In another unsurprising example of his on-again, off-again trade policies - president Trump threw American ranchers under the bus with the announcement that he was unilaterally quadrupling beef imports from Argentina - tariff-free. And that domestic beef producers should lower their beef prices in response.
The Cattle Ranchers, who I love, don’t understand that the only reason they are doing so well, for the first time in decades, is because I put Tariffs on cattle coming into the United States, including a 50% Tariff on Brazil, Trump wrote on social media.
It would be nice if they would understand that, but they also have to get their prices down, because the consumer is a very big factor in my thinking, also!
Soybean farmers were among the first to find themselves in the crosshairs of Trump’s tit-for-tat tariffs with China. Since May, China has effectively boycotted American soybeans as a response. And now it's the cattlemen. This is absolutely exhausting.
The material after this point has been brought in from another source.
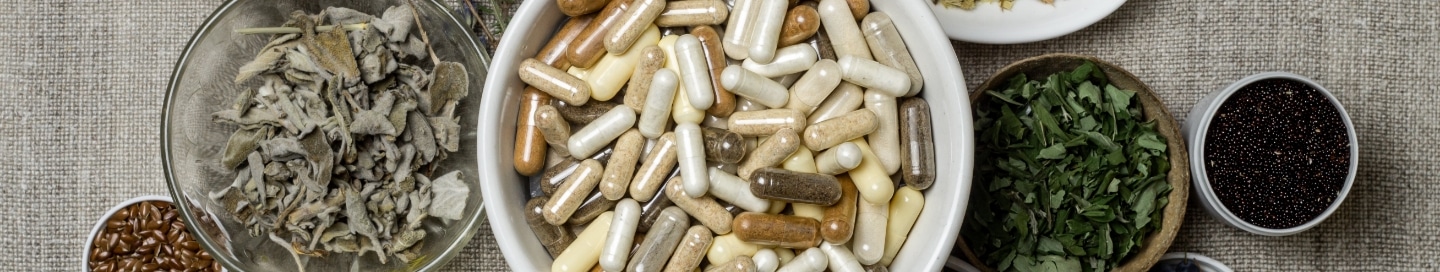 Supplements that support functional medicine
The domestic agriculture sector is already struggling with the rising cost of fertilizer as a consequence of tariffs and labor shortages driven by the president's immigration agenda. The Center for Strategic and International Studies (CSIS) suggested; The result is not merely a short-term disruption, it could signal a sweeping reconfiguration of global agricultural trade stretching from Latin America to Europe and Australia.
I'm not a big fan of conspiracies although I'm not surprised if some ranchers believe this is driven by the president's desire to help out his buddy, Argentina President Javier Milei.
It likely is some of the foregoing along with an extra helping of old school centralized economic planning at the whim of one guy. You know; Soviet-Style.